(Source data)
"""
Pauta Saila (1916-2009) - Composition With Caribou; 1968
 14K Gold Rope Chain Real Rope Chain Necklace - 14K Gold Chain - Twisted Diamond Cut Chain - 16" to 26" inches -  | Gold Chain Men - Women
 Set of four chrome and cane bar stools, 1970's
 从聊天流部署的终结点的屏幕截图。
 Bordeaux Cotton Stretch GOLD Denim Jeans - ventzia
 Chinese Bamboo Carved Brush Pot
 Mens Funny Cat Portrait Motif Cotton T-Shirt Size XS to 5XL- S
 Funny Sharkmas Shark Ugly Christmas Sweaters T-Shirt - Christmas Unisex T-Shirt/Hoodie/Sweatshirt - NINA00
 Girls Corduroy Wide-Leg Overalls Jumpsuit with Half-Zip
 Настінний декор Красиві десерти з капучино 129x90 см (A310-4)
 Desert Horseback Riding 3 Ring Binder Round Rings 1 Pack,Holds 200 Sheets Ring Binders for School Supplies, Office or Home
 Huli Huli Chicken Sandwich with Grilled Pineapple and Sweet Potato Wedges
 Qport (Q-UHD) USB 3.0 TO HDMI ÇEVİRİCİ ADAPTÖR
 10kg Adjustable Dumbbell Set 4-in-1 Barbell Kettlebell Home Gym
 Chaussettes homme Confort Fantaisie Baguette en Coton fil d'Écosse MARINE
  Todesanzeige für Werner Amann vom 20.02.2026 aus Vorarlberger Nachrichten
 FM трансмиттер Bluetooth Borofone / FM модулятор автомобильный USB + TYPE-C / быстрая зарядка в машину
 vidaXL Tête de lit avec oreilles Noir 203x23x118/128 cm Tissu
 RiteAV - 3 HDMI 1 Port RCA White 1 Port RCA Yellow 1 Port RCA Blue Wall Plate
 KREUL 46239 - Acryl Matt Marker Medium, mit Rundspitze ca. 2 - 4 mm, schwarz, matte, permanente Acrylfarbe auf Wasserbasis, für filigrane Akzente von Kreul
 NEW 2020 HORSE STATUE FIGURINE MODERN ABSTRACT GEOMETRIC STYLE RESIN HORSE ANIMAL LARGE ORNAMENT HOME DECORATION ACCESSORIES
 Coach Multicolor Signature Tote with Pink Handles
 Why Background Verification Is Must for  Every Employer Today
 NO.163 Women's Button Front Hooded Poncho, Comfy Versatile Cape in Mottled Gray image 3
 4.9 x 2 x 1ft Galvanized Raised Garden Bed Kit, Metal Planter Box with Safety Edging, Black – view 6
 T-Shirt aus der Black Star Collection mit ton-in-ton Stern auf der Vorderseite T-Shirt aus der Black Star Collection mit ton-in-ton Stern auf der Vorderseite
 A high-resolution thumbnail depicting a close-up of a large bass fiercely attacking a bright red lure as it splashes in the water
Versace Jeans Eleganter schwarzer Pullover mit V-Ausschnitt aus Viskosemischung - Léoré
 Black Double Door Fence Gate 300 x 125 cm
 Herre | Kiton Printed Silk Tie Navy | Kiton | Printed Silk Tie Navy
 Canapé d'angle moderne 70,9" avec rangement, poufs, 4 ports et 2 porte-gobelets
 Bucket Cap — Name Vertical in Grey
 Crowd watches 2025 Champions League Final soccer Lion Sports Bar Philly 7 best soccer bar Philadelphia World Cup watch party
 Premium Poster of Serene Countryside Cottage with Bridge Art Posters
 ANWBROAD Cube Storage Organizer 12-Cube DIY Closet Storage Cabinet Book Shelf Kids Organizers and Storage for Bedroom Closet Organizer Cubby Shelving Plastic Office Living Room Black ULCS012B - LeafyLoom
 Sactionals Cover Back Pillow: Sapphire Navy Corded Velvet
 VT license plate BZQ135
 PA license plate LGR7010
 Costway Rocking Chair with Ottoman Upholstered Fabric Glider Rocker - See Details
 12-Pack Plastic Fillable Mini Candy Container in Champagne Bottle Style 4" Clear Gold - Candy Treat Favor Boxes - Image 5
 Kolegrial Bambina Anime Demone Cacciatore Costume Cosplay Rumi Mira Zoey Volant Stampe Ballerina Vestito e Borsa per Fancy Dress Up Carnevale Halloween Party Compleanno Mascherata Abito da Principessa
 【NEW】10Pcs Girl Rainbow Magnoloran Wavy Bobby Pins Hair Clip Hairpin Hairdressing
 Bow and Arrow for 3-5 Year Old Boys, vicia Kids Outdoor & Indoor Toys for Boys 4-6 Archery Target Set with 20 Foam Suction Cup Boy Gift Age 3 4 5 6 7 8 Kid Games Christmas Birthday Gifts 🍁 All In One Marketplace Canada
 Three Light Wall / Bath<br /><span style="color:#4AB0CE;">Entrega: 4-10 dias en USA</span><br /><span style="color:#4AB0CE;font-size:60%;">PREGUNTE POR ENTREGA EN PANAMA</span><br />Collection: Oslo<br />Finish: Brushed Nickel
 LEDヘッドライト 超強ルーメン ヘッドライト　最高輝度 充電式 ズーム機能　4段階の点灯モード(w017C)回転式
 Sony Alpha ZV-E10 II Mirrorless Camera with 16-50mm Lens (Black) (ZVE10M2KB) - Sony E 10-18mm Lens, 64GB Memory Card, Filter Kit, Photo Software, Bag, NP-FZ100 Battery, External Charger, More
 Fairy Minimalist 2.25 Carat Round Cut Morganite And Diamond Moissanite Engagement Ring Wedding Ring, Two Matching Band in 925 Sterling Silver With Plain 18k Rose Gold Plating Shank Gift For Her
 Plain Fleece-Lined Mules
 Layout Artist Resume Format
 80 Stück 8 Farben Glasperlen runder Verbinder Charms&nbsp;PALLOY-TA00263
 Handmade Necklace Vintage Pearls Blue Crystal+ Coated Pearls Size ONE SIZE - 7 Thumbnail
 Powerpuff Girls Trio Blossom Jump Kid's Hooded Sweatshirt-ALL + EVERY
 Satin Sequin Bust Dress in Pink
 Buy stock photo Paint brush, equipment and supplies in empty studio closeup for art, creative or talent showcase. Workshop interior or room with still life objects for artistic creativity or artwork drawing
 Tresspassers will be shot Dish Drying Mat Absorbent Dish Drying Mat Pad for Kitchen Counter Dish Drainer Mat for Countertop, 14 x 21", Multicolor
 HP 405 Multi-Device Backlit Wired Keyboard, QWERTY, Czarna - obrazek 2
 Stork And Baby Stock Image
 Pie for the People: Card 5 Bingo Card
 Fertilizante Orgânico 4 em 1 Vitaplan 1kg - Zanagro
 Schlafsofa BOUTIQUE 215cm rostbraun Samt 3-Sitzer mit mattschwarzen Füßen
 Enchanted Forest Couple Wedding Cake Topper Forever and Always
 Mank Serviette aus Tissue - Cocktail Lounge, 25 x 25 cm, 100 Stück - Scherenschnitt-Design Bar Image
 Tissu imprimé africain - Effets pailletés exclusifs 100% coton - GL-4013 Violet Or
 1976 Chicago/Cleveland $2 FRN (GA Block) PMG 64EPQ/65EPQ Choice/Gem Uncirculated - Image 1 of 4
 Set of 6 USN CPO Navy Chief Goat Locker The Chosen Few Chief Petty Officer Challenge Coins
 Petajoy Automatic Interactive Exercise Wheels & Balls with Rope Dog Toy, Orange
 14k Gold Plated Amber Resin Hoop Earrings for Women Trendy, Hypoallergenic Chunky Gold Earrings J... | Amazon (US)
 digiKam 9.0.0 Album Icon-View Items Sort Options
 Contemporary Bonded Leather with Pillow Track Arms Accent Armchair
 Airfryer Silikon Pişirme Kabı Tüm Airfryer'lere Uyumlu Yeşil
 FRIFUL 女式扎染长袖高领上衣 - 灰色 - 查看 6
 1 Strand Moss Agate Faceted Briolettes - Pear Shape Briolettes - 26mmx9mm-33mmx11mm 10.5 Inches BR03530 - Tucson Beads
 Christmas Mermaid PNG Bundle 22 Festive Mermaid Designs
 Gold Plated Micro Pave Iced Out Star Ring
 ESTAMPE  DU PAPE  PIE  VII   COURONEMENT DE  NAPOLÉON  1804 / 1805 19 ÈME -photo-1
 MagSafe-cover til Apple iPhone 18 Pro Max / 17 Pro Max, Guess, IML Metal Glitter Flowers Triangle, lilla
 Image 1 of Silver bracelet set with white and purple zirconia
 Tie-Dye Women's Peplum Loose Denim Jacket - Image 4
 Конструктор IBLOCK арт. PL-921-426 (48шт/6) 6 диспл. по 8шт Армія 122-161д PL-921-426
"""
→ Your goal
All that is needed is the exact run of lines above from the line containing "Tissu imprimé africain" through the line containing "Petajoy Automatic Interactive", both of them included.

→ Answer space
 Tissu imprimé africain - Effets pailletés exclusifs 100% coton - GL-4013 Violet Or
 1976 Chicago/Cleveland $2 FRN (GA Block) PMG 64EPQ/65EPQ Choice/Gem Uncirculated - Image 1 of 4
 Set of 6 USN CPO Navy Chief Goat Locker The Chosen Few Chief Petty Officer Challenge Coins
 Petajoy Automatic Interactive Exercise Wheels & Balls with Rope Dog Toy, Orange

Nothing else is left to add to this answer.